We had arrived at my godmother’s birthday party and, of course, the first thing I did after walking into the house was to greet everyone with a kiss on the cheek. After going around kissing about 45 cheeks, he looks at me pleadingly. What does he want? Is he trying to tell me something? His face went from puzzled to smiling to puzzled again when it hit me: Chris was aware that the standard greeting in Peru was a kiss on the cheek; however, he never imagined it also applied to one-hundred-people parties. After kissing more than 50 women on the cheek, he  looked exhausted, and in disbelief that there were still many more cheeks to be kissed.
“In London, if there are more than 8 people, you don’t give a kiss on the cheek to everyone. I can’t believe we’ve just kissed all those people!”, he said.
I hadn’t stopped to think that the low-profile kind of guy who runs away from the spotlight would have avoided this situation at all costs. Had there been a back door, he would have used it without a doubt. It isn’t shyness, no, no. It is his analytical mind what makes being around too many people at a social event so awkward.
I was once told that people who are too analytical have a little voice that torments them with an infinite number of possible outcomes before, during and after interactions as ordinary as greetings. “There will be people you don’t know, but you’ll have to say ‘hello’ or they’ll think you’re being disrespectful.
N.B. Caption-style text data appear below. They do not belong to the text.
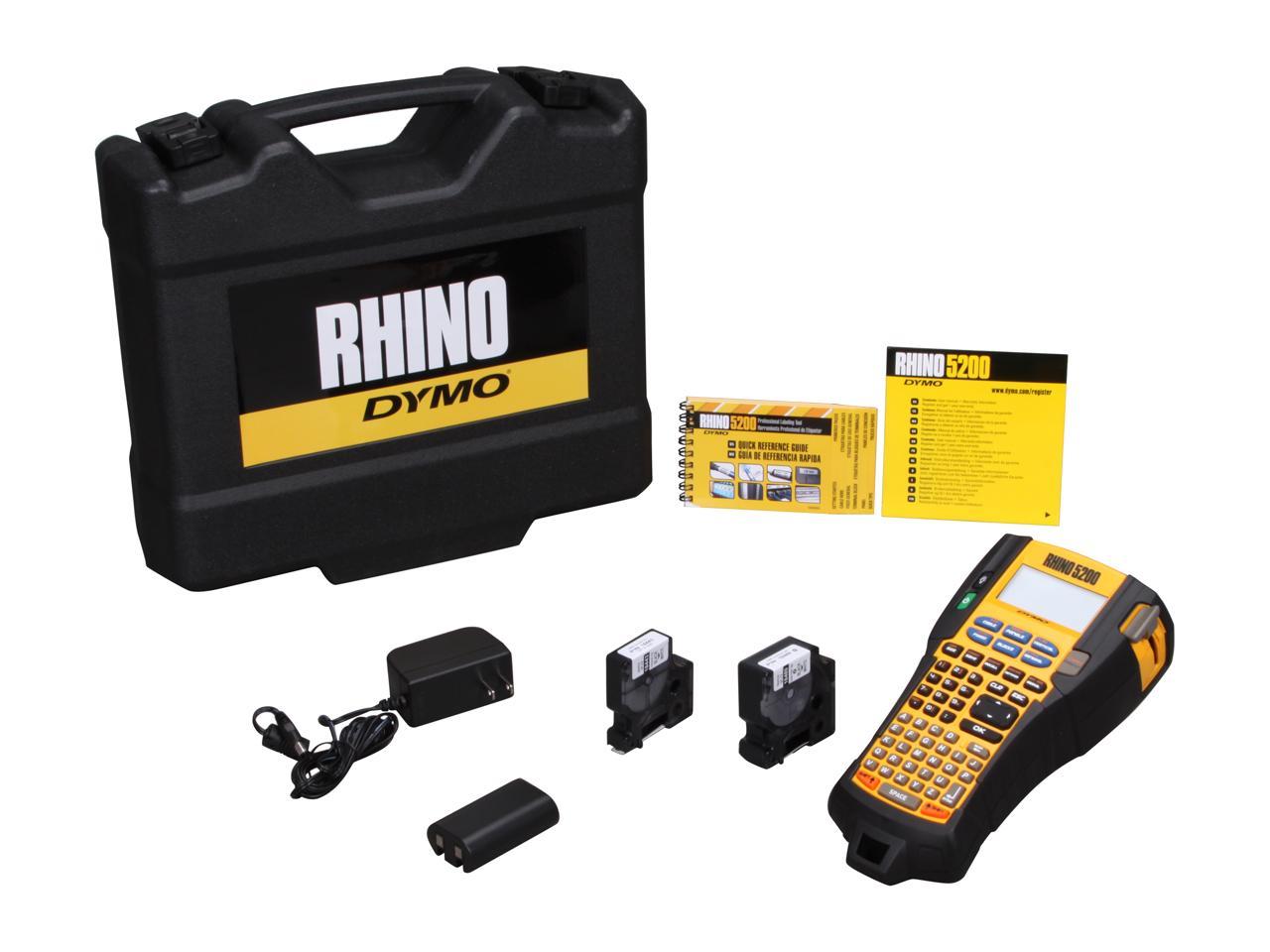 dym1756589 Dymo 1756589 Rhino 5200 Hard Case Kit Industrial Label Printer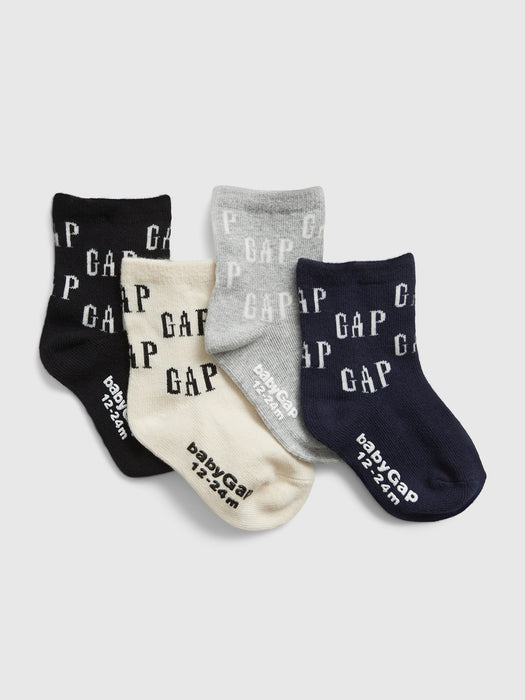 Toddler Gap Logo Crew Socks (4-Pack)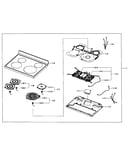 Cooktop assy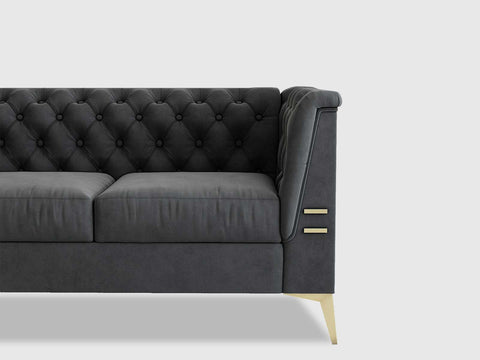 Duraster Chesterfield Premium Fabric Sofa #72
It’s your girlfriend’s godmother, and you need to make a good impression. So, a kiss on the cheek then, but what cheek? Should you kiss and say ‘hello’ or just kiss? What if you say something awkward, what if they don’t understand your Spanish, what if you accidentally kiss them on the lips?” And all this happens in a matter of seconds.
Apart from this seemingly painful mental process which analytical people are victims of, we also need to take into account cultural differences. Latin cultures are a bit warmer in interactions, and greeting others is a good example of such characteristic.
I speak for myself and the people in my surroundings, and this is the way we do it. Almost all my family and friends say ‘hello’ with a kiss on the cheek regardless of how many people there are at a party. I just can’t picture myself waving at my relatives or just smiling at them without making any physical contact.
And how do you greet people at a big event such as a wedding, gathering or birthday party? Do you kiss everyone, or do you prefer to wave at them?